* What to work on: Only the lines from the one containing "Rick Owens DRKSHDW" through the last line below belong in your copy; transcribe them exactly and omit any pictures.

═════ Dataset excerpt ═════

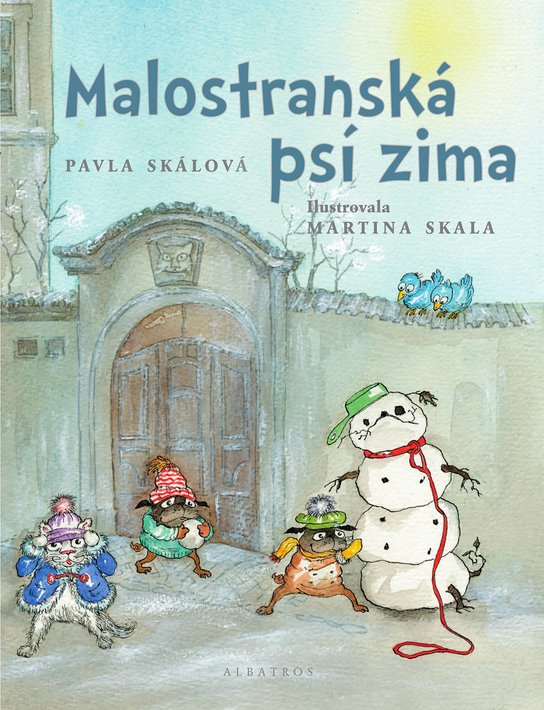 Malostranská psí zima -  Martina Skala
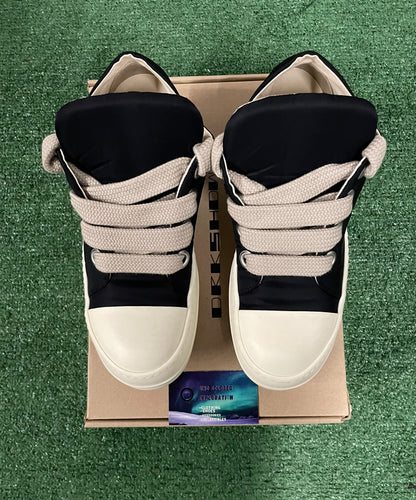 Rick Owens DRKSHDW Jumbo Lace Puffer low  size 11men/12.5women (EU 44)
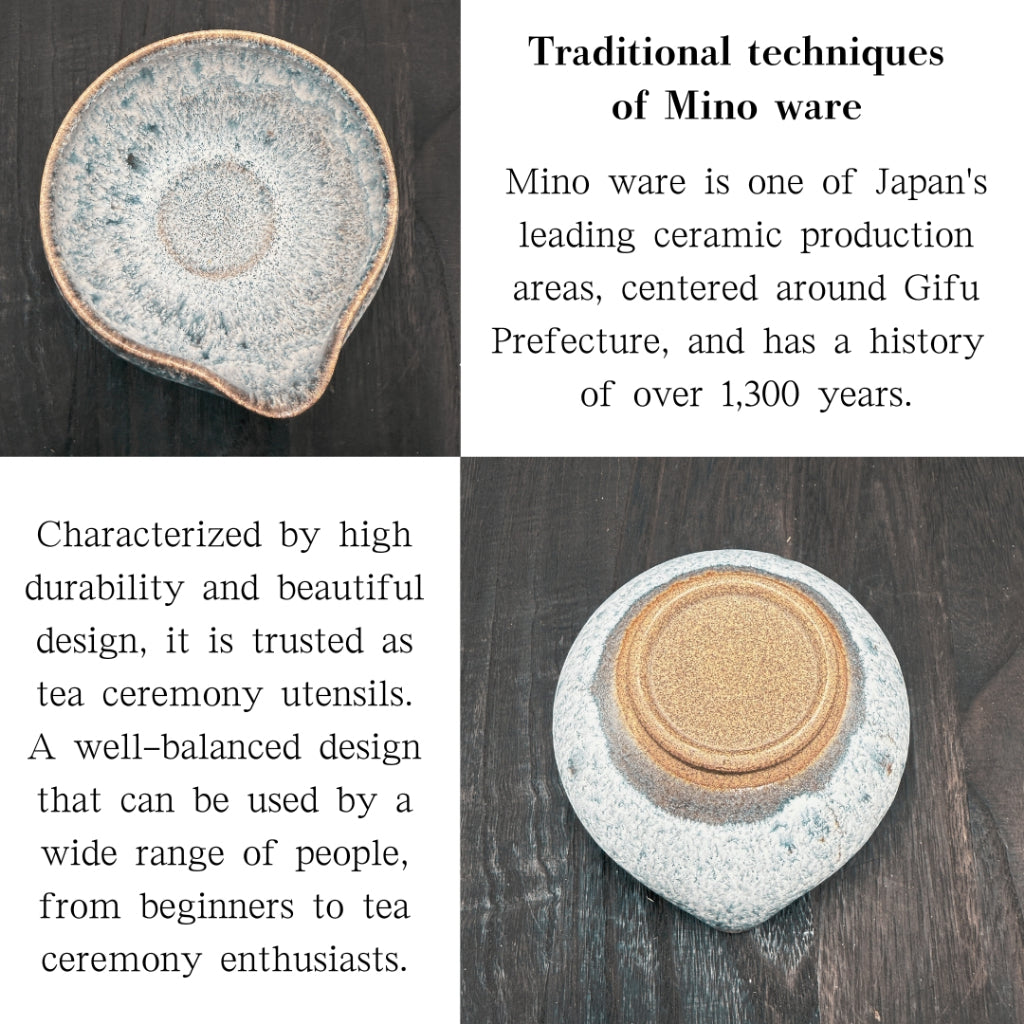 [Katakuchi Matcha Bowl]with Spout Masamura Unofu Black Katakuchi Matcha Tea Cup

═════

* Your solution:
 Rick Owens DRKSHDW Jumbo Lace Puffer low  size 11men/12.5women (EU 44)
 [Katakuchi Matcha Bowl]with Spout Masamura Unofu Black Katakuchi Matcha Tea Cup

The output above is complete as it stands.